Mengenai kode etik, kita bisa bersepakat bahwa ia bersifat universal, sehingga tak ada persoalan besar jika media warga mengikuti aturan kode etik yang sudah ada. Riset CRI pada 2019 juga menunjukkan bahwa media warga (studi kasus BaleBengong, Denpasar, dan Warta Dewa, Pekalongan) sudah menerapkan kode etik dengan cukup baik. Itu menjadi bukti bahwa media warga juga taat kode etik jurnalistik.

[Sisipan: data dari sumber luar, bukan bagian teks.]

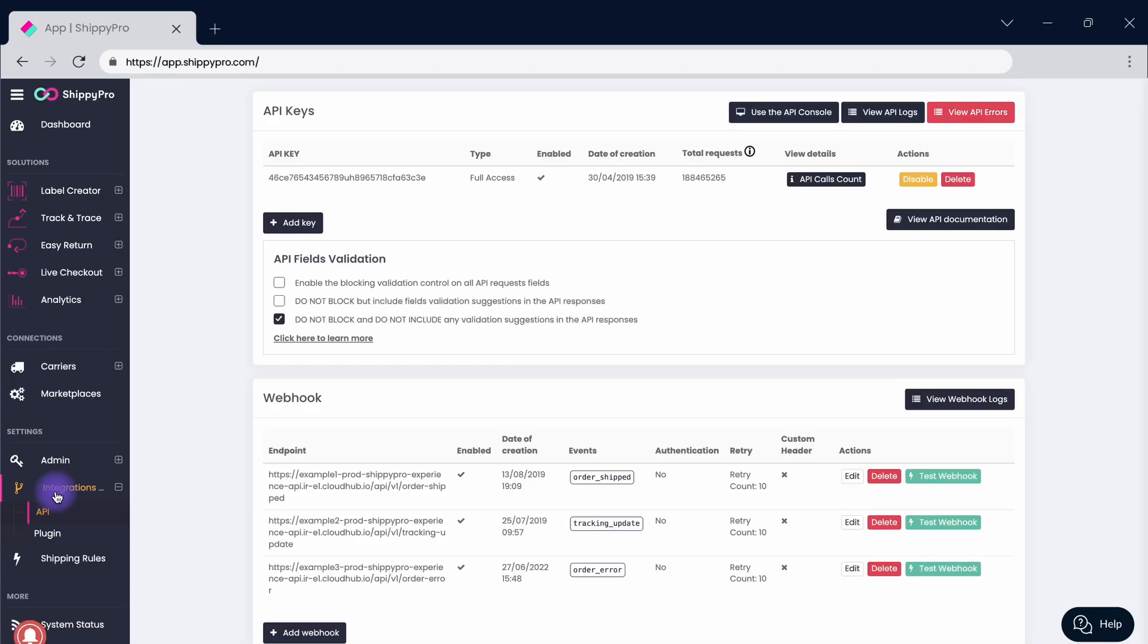Connect Webhooks to get real-time information with Shippeep Pro. Access the integrations page and click on API. All of your API keys and Webhooks are listed in this section.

Pernyataan Agus tentang rencana penyusunan kode etik bagi blogger pun bisa diproblematisasi, sebab blogger dan jurnalis warga yang bernaung dalam media warga adalah dua entitas berbeda. Jika blogger menolak karena khawatir menjadi pengekang kebebasan berekspresi, maka jurnalis atau media warga yang menggunakan pendekatan jurnalistik dalam kerja-kerjanya sudah semestinya mematuhi kode etik.

Lantas apa yang perlu media warga lakukan? Media warga perlu membangun dan memperkuat jejaring di antara mereka sendiri. Jejaring ini ini dapat menjadi wahana bagi media warga untuk bertukar informasi, pengetahuan, dan saling memperkuat satu sama lain. Melalui pengalaman-pengalaman yang telah dilakukan selama ini, media warga juga dapat menyusun strategi untuk melindungi diri dari ancaman kriminalisasi.[]


Editor: Ferdhi F. Putra

Foto: Tim BaleBengong tengah melakukan liputan mengenai dampak COVID-19 terhadap petani di Tabanan, Bali (Foto oleh BaleBengong).